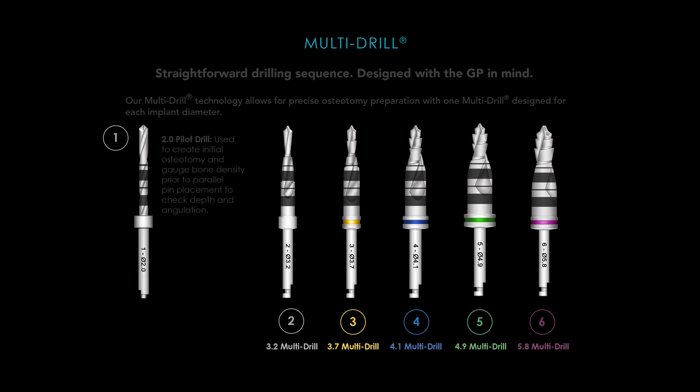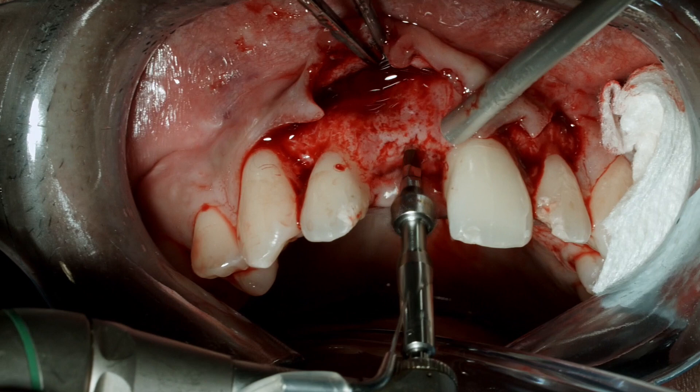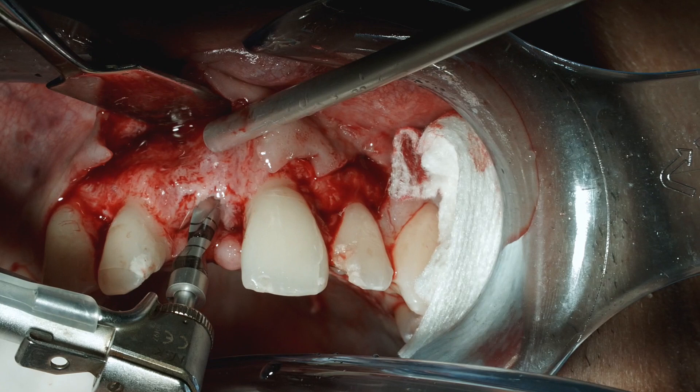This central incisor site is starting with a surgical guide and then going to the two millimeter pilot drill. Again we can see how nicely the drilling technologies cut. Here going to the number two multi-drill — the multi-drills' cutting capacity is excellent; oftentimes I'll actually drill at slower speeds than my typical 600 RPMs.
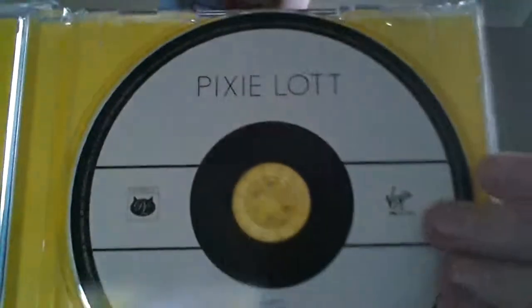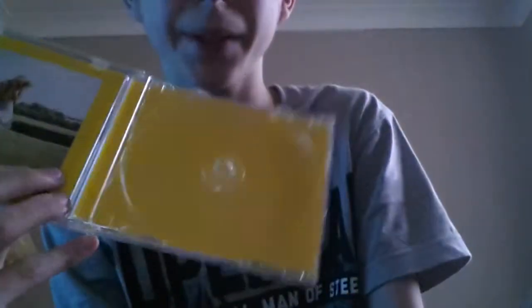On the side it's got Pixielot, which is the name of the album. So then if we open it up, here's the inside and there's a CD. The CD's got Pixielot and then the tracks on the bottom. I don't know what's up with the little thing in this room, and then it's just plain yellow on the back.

==

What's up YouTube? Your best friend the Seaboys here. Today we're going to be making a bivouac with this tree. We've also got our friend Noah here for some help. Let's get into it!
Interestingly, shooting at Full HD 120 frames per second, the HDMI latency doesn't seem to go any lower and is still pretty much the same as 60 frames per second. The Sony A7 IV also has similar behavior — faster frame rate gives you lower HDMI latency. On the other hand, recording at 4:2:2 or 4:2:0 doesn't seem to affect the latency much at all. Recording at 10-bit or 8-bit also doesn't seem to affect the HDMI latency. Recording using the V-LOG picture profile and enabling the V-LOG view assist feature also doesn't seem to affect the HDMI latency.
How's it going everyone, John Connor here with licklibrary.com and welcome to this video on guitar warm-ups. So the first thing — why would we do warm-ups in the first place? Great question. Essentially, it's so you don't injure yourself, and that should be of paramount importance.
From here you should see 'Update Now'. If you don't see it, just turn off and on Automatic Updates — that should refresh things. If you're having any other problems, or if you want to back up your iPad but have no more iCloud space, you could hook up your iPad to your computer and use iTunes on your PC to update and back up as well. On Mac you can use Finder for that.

WHAT NEEDS TO BE DONE:
Copy word for word only the lines above from the one with "This central incisor" through the one with "On the side". Leave pictures out.

EXPECTED ANSWER:
This central incisor site is starting with a surgical guide and then going to the two millimeter pilot drill. Again we can see how nicely the drilling technologies cut. Here going to the number two multi-drill — the multi-drills' cutting capacity is excellent; oftentimes I'll actually drill at slower speeds than my typical 600 RPMs.
On the side it's got Pixielot, which is the name of the album. So then if we open it up, here's the inside and there's a CD. The CD's got Pixielot and then the tracks on the bottom. I don't know what's up with the little thing in this room, and then it's just plain yellow on the back.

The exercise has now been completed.